Just one of those that’s where I wish I can say I’m fine, and if I’m not I will be fine

I’m tired, oh so tired, I’m tired of false hope, I’m tired of people believing in me, I’m tried of even reading horoscopes just to believe that my day will be better.

And I don’t know what to do about any of it. I seem to be having an internal struggle with myself. Kind of like your whole world has been falling apart slowly, however you forced yourself not to notice, and then a train wreck forces you to see reality … And you’re just stuck there watching…. every single thing fall apart.

You don’t know why you’re anger any more, or why you’re sad, why you’re restless, you don’t know anything, not even what makes you happy right now.


“ I don't want to be the one, The battles always choose, 'Cause inside I realize, That I'm the one confused”

“I don't know what's worth fighting for, Or why I have to scream, I don't know why I instigate, And say what I don't mean, I don't know how I got this way, I know it's not alright.”

Dear Dairy Part 1

"The flow of time cleanses the past and heals the wounds in people's hearts. But there are wounds we cant speak of." — Ai Yazawa

I wonder if the 10th of October will be one of those events that we just can’t speck of? It seems that we really can't turn back time or reverse the flow of life. Neither can we control which direction it is flowing too.

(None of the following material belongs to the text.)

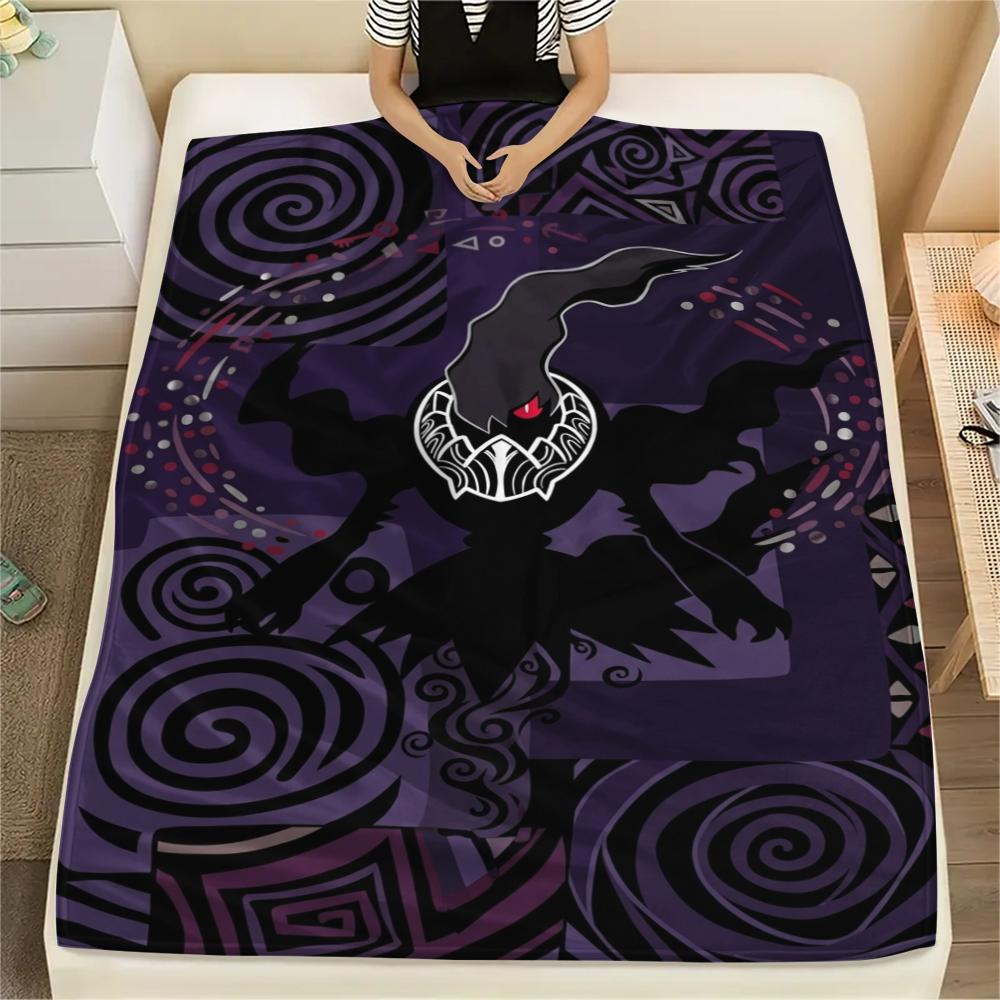 Pocket Monster Flannel Blanket Warm Printed Throw for Bedroom Living Room Sofa Bed Picnic Travel Use All-season Gift-Xin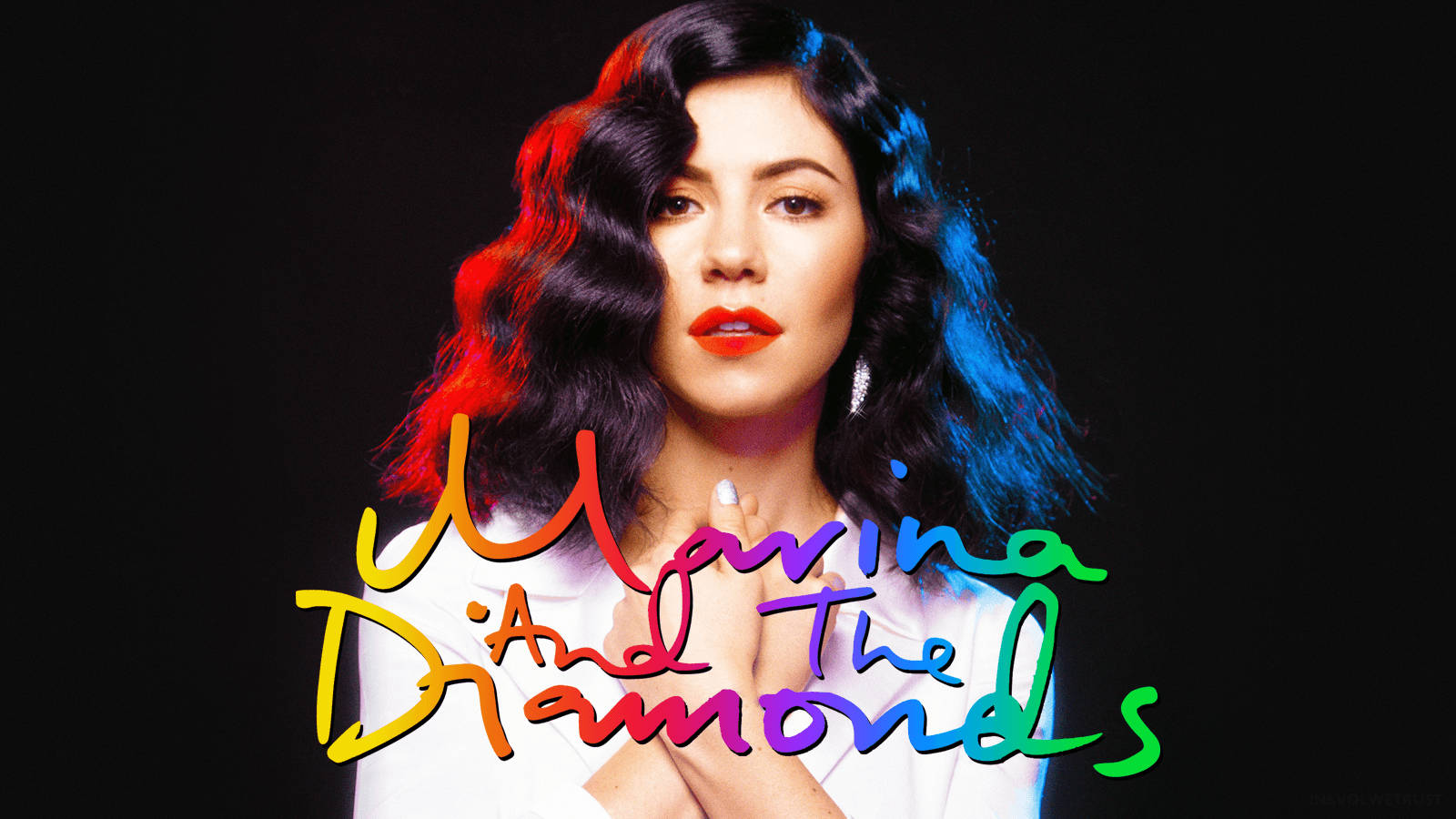 Marina and the diamonds, froots, red and blue lights, HD Desktop Wallpaper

Good times go fast, but when its bad, its like watching everything happen is slow motion, almost as if time stops. And since last night it doesn’t seem to want to start again.

I suppose its one of those “what ever you do next will define you” situations. It’s the turning point. But sometimes, some of us, don’t necessarily grow from bad experiences. Sometimes we don’t become stronger.

So the question I am asking today is, am I turning towards good or am I turning towards bad? Am I strong enough?

Monday, November 28, 2011

Questions

To help or be helped? I am usually “be helped”… To be honest i’m lost (not sad, depressed or in misery just lost), I usually am, but I am guessing that it’s part of being alive… I think? So many questions that I do not have the answer too, but I guess if someone else did maybe it might help me a little bit, so I am asking, to those that don’t mind sharing, to answer what ever you can

1) What is love? Spiritually and scientifically?

2) Are we all really the best we can be?

3) Why is it we have to be cruel to be kind sometimes?

4) What is a balanced life? And how can you achieve it?

5) What makes people good? And what makes people bad? Are we really the right people to judge?

6) What is control? How can we let go?

7) They say that self confidence and self love is directly related to each other, I love myself, but still not ready to come out of my shell, what does that mean? That I truly don’t love myself?

8) If so how does one love themselves?

9) What is talent? How do we define it? How do we know if we have any…

10) We say we are sad all the time, but honestly are we truly sad?

11) What is the end result of it all?

12) What is the best we can be? And how do we know we are at our best?

13) What does marriage mean? And why do we get married?

14) What does being pregnant feel like?

15) How does it feel to hold your first child?

16) How can you know who you are without looking through the eyes of another?

17) What is the true definition of strength?

18) Are we truly living?

19) What are we so scared of?

20) What are the things we have control off and what are the things we don’t have control over? How do we recognize that and just let go?

21) How does one invest in themselves?

22) What if people you respect and admire, start criticizing a close friend of yours, not knowing she/he is your friend. The criticism is distasteful and unjustified. What do you do?

23) Can we really truly define things as right or wrong?